The recent tribunal decision of Alan Johnson highlighted the issues that arise when a housebuilder expects common sense to have any application in interpreting the intricacies of the VAT legislation.
This decision relates to a VAT reclaim made to HMRC by a private individual in relation to the construction of a dwelling. Whilst construction services to construct the new dwelling are zero rated the separate supply of building materials and other items are VAT standard rated. Where the new dwelling is being commissioned by a person for private occupation the VAT on some of these standard rated items can be reclaimed by the self-builder by way of a DIY builder VAT reclaim application to HMRC at the conclusion of the project.
In this case VAT incurred on the separate purchase of building materials was allowed however HMRC rejected the reclaim of VAT on items that were hired by the self-builder including scaffolding hire, skip hire, digger hire stating that the DIY builders VAT scheme was only applicable to VAT on building materials and not the VAT on hire services.
HMRC made the point that where the hire of an item and its use on site were by two distinct legal entities then the hire on its own could not be treated as zero rated services nor could the VAT be reclaimed as being VAT incurred on ‘building materials’. HMRC stated that the hire of the digger with an operator could be zero rated as construction services and the claimant would need to ask the supplier to adjust their invoicing accordingly from the 20% VAT rate to the zero rate.
The claimant argues that ‘building materials’ often included an element of services.

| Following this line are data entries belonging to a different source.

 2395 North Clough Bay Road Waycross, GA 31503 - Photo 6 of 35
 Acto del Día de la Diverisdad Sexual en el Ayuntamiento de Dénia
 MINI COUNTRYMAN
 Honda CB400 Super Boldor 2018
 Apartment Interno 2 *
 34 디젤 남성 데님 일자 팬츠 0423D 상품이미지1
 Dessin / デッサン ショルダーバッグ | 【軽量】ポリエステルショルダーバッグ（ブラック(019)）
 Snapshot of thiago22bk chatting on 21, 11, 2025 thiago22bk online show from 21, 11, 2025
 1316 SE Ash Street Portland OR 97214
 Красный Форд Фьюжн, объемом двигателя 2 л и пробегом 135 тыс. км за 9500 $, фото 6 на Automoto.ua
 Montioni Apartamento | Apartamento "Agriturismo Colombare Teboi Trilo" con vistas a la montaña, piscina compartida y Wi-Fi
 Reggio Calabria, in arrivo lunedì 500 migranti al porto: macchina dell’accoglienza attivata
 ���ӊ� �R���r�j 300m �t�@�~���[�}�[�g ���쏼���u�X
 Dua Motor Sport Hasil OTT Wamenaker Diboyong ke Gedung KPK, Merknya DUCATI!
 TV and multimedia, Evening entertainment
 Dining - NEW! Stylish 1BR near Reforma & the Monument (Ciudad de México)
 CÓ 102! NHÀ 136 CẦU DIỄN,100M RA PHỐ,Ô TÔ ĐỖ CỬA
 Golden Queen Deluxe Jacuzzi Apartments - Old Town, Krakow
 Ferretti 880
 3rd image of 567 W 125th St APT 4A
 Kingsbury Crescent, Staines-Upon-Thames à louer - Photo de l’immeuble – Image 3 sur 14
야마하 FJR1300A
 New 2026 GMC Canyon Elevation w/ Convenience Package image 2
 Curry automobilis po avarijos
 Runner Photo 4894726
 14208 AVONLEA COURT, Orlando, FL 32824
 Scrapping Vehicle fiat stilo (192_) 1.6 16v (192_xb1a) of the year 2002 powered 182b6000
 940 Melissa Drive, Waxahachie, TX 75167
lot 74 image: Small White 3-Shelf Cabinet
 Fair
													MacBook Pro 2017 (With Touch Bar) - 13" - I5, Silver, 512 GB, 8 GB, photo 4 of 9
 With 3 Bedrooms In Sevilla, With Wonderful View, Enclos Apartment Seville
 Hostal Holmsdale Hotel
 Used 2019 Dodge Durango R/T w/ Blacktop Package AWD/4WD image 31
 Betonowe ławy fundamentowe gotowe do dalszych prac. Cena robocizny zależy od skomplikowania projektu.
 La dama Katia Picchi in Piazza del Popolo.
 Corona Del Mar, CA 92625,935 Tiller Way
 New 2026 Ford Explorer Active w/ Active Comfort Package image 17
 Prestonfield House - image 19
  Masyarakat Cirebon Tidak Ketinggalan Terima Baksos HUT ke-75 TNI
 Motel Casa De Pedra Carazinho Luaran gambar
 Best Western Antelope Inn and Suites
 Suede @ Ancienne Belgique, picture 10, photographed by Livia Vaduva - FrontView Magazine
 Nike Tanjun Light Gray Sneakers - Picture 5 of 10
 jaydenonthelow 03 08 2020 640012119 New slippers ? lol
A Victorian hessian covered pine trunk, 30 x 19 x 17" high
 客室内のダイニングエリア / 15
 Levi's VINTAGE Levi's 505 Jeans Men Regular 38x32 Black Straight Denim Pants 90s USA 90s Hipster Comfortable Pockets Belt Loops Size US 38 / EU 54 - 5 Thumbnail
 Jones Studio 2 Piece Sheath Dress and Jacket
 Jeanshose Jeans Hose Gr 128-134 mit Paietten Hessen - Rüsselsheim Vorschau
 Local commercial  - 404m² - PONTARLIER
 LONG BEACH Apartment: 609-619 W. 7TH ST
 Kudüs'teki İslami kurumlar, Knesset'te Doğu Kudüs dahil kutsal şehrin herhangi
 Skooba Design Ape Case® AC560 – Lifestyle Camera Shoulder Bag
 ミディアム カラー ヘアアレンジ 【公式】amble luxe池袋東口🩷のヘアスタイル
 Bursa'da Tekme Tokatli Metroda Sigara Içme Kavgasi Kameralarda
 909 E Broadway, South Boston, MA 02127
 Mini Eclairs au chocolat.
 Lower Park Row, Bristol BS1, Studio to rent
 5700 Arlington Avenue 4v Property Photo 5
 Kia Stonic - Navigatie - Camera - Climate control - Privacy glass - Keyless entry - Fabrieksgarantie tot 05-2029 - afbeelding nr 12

HMRC accepted that where the cost formed an inherent and inseparable part of the cost of the materials then the VAT on this part would be treated as part of the cost of the building materials (e.g. haulage costs of stone to site charged by the stone supplier) and this VAT would be capable of reclaim.
This case highlights the importance of considering project procurement at the outset of a scheme if VAT costs are to be minimised.